# TASK DETAILS
Restate the records in full, so that each line matches the original exactly.

[Web page caption snippets]
------
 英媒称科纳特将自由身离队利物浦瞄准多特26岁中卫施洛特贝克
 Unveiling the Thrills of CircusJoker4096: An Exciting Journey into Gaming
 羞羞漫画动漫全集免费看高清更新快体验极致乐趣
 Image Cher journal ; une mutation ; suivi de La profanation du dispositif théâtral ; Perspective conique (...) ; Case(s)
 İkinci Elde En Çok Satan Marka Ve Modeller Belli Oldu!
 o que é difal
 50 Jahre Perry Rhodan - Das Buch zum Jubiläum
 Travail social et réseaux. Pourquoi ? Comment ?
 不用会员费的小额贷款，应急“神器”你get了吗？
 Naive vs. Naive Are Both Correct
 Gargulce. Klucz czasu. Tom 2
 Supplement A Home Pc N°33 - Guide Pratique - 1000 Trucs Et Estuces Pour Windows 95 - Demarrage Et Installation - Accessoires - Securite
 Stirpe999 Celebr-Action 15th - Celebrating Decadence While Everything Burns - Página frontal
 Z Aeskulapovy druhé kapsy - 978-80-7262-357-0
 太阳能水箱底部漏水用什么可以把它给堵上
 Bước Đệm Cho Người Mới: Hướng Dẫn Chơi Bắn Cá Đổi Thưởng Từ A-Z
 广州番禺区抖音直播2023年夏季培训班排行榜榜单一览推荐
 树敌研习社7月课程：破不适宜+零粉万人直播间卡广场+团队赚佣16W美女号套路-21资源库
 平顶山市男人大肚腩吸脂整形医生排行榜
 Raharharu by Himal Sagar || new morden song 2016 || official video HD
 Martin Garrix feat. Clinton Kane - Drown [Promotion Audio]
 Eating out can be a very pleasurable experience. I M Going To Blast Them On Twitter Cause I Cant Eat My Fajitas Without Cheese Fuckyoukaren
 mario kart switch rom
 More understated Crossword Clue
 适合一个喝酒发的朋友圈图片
------
# SOLUTION TO THIS EXERCISE
 英媒称科纳特将自由身离队利物浦瞄准多特26岁中卫施洛特贝克
 Unveiling the Thrills of CircusJoker4096: An Exciting Journey into Gaming
 羞羞漫画动漫全集免费看高清更新快体验极致乐趣
 Image Cher journal ; une mutation ; suivi de La profanation du dispositif théâtral ; Perspective conique (...) ; Case(s)
 İkinci Elde En Çok Satan Marka Ve Modeller Belli Oldu!
 o que é difal
 50 Jahre Perry Rhodan - Das Buch zum Jubiläum
 Travail social et réseaux. Pourquoi ? Comment ?
 不用会员费的小额贷款，应急“神器”你get了吗？
 Naive vs. Naive Are Both Correct
 Gargulce. Klucz czasu. Tom 2
 Supplement A Home Pc N°33 - Guide Pratique - 1000 Trucs Et Estuces Pour Windows 95 - Demarrage Et Installation - Accessoires - Securite
 Stirpe999 Celebr-Action 15th - Celebrating Decadence While Everything Burns - Página frontal
 Z Aeskulapovy druhé kapsy - 978-80-7262-357-0
 太阳能水箱底部漏水用什么可以把它给堵上
 Bước Đệm Cho Người Mới: Hướng Dẫn Chơi Bắn Cá Đổi Thưởng Từ A-Z
 广州番禺区抖音直播2023年夏季培训班排行榜榜单一览推荐
 树敌研习社7月课程：破不适宜+零粉万人直播间卡广场+团队赚佣16W美女号套路-21资源库
 平顶山市男人大肚腩吸脂整形医生排行榜
 Raharharu by Himal Sagar || new morden song 2016 || official video HD
 Martin Garrix feat. Clinton Kane - Drown [Promotion Audio]
 Eating out can be a very pleasurable experience. I M Going To Blast Them On Twitter Cause I Cant Eat My Fajitas Without Cheese Fuckyoukaren
 mario kart switch rom
 More understated Crossword Clue
 适合一个喝酒发的朋友圈图片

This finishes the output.